In this embodiment, the standard approach has advantages. It is enough to write the appropriate update scripts that convert the database schema to the required form and update the new fields with default values or calculate them using one or another logic. When using serialization, updating the database schema is no longer such an easy task. It is necessary to transform the scheme with saving all the data, as well as update the data itself, desirealizing them, initializing new fields and serializing back. Both the logical complexity of the operation and the time required to update it increase.

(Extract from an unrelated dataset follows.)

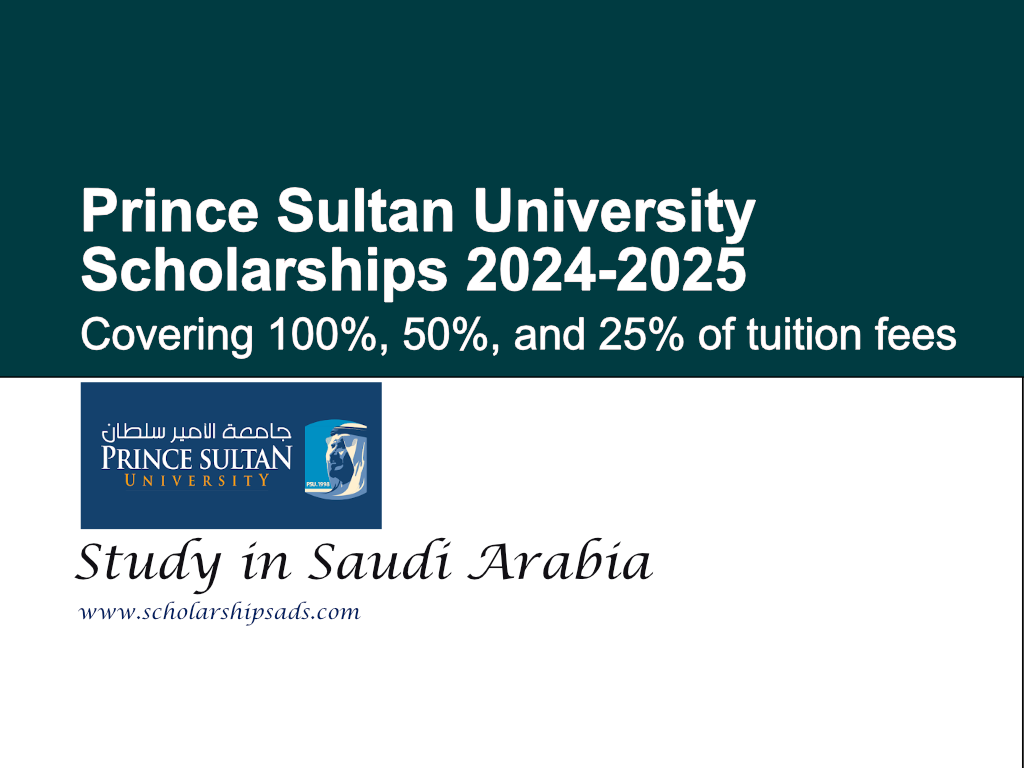 Prince Sultan University Scholarships.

Synchronization of access to entity instances
One of the main drawbacks of the key-value approach, it seems to me, is that in order to change just one field in essence, we need to deserialize the whole object. This greatly complicates access to objects. For example, in the case when a group is serialized into the database together with all students, in order to change the name of one of the students, we need to remove the entire group from the database, change one name and save it back. If the application has several streams, services and / or content providers that can work with the same entities, the task is many times more complicated. The more potential “writers”, the more locks will occur and the more difficult it will be for us to synchronize access to objects. In the case of a standard approach, this problem is solved at the DBMS level.
Performance
On the one hand, the key-value approach allows for higher performance when fetching small amounts of data. The number of joins is reduced, a specific request and the DBMS as a whole are faster. On the other hand, with large amounts of data, if we need to filter or sort this data by a field that is serialized together with the entire object, then for this operation we will first need to read all entities, and only then filter out all the excess, which can lead to not to a performance gain, but to its further deterioration. Alternatively, you can store the fields involved in the filtering or sorting request by the standard approach, and the rest of the entity as a BLOBa, but then it will be difficult to maintain such a mess.
Code volume
In the standard approach, the amount of SQL code, various scripts for creating and modifying the database schema, queries and conditions, DAO objects, etc. increase. In key-value, the amount of such code is reduced, but the amount of code that performs various sorting, grouping and filtering by conditions is increasing because all this has to be done “manually” when the DBMS does it in the standard approach, and we only need to write the required query.
Serialization
A minus of the key-value approach may consist in performance degradation associated with the use of standard Java serialization / deserialization, which, as you know, is not very fast. Here, as an alternative, you can use one of the libraries that solve this problem, for example, protobuf from Google. In addition to speed, an additional plus, in the case of using protobuf, will be versioning, because this protocol supports versioning of objects.
Conclusion
It turned out a little messy, but in general, I wanted to say: both approaches are good, you need to choose according to the situation, considering all the pros and cons listed above. As a rule, if there are no performance problems, it is better to use a standard approach that has more flexibility. If these problems begin to occur, try using denormalization. Perhaps if there are only a few critical areas in the program, then this can solve everything. If you encounter persistent performance problems, when denormalization does not save, it is worth taking a closer look at the key-value approach.